- From: Jonathan Marsh <jonathan@wso2.com>
- Date: Thu, 22 Feb 2007 16:44:03 -0800
- To: "'Jonathan Marsh'" <jonathan@wso2.com>, "'Youenn Fablet'" <youenn.fablet@crf.canon.fr>, "'keith chapman'" <keithgchapman@gmail.com>
- Cc: "'www-ws-desc'" <www-ws-desc@w3.org>
BTW, this includes an answer to QUESTION 4, and is recorded as issue CR157
[1].
[1] http://www.w3.org/2002/ws/desc/5/cr-issues/#CR157.
Jonathan Marsh - http://www.wso2.com - http://auburnmarshes.spaces.live.com
> -----Original Message-----
> From: Jonathan Marsh [mailto:jonathan@wso2.com]
> Sent: Thursday, February 22, 2007 4:33 PM
> To: 'Jonathan Marsh'; 'Youenn Fablet'; 'keith chapman'
> Cc: 'www-ws-desc'
> Subject: [QUESTION 5] Are ";" and "=" harmful characters before the "?"
> (was: RE: LocationTemplate-1G test)
>
> Summary:
> - Add "&" to the pre-? encoding rule exclusion set.
> - There are lots of esoteric ways to abuse templates to create
> malformed URIs. I think we should avoid that slippery slope.
>
> Analysis:
>
> Looking again at RFC 3986 [1], a path segment is defined as:
>
> segment = *pchar
> segment-nz = 1*pchar
> segment-nz-nc = 1*( unreserved / pct-encoded / sub-delims / "@" )
> ; non-zero-length segment without any colon ":"
>
> pchar = unreserved / pct-encoded / sub-delims / ":" / "@"
>
>
> pct-encoded = "%" HEXDIG HEXDIG
>
> unreserved = ALPHA / DIGIT / "-" / "." / "_" / "~"
>
> sub-delims = "!" / "$" / "&" / "'" / "(" / ")"
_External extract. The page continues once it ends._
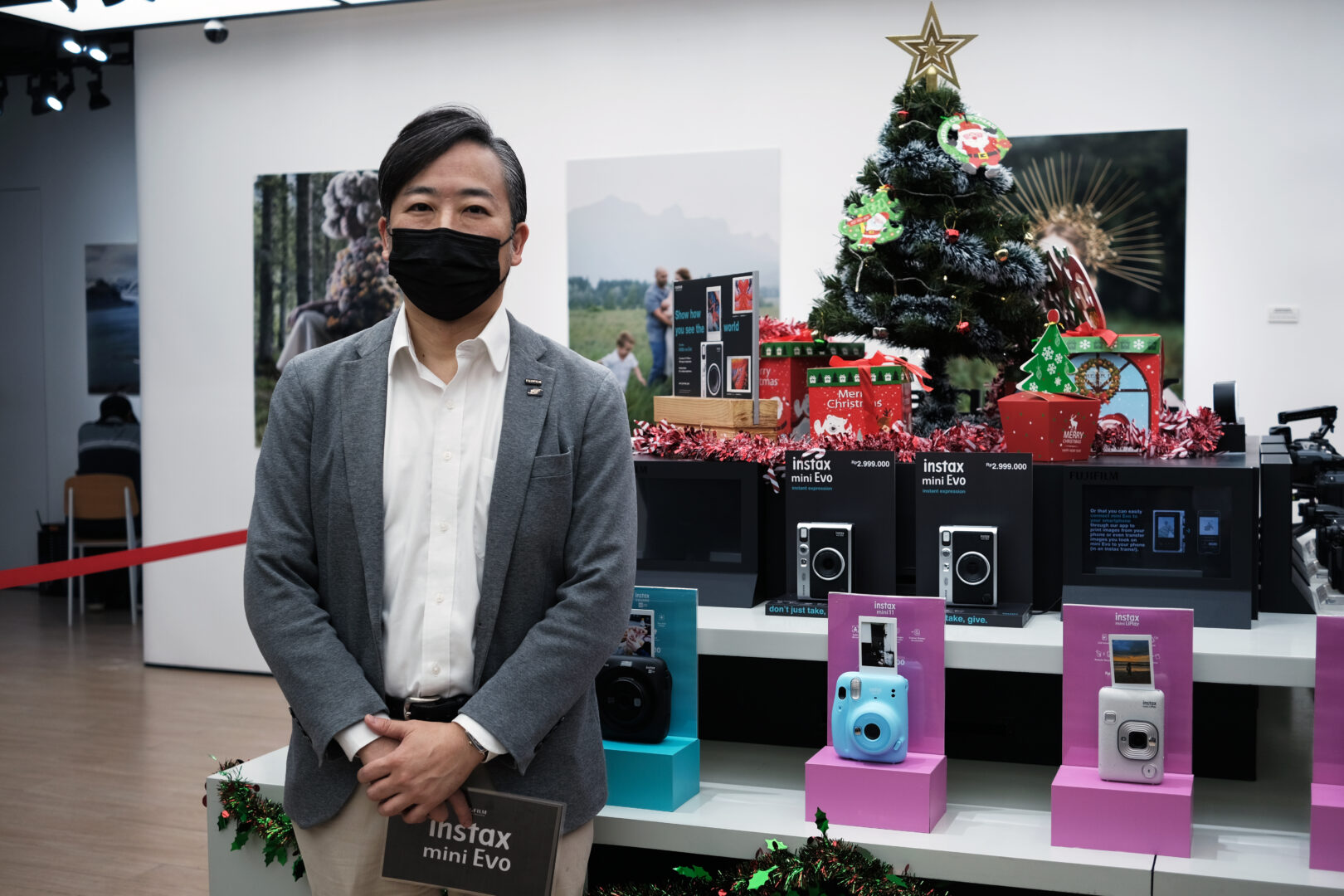 Fujifilm Luncurkan Kamera Hybrid Instax Mini Evo 3 Masato Yamamoto – Presiden Direktur PT FUJIFILM Indonesia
> / "*" / "+" / "," / ";" / "="
>
>
> That differs from the spec that we have only in that "&" is missing in the
> spec. I think this is an omission, and that "&" should therefore be added
> into the pre-"?" encoding list. That takes care of making sure any
> character disallowed in a path by the above BNF is properly escaped.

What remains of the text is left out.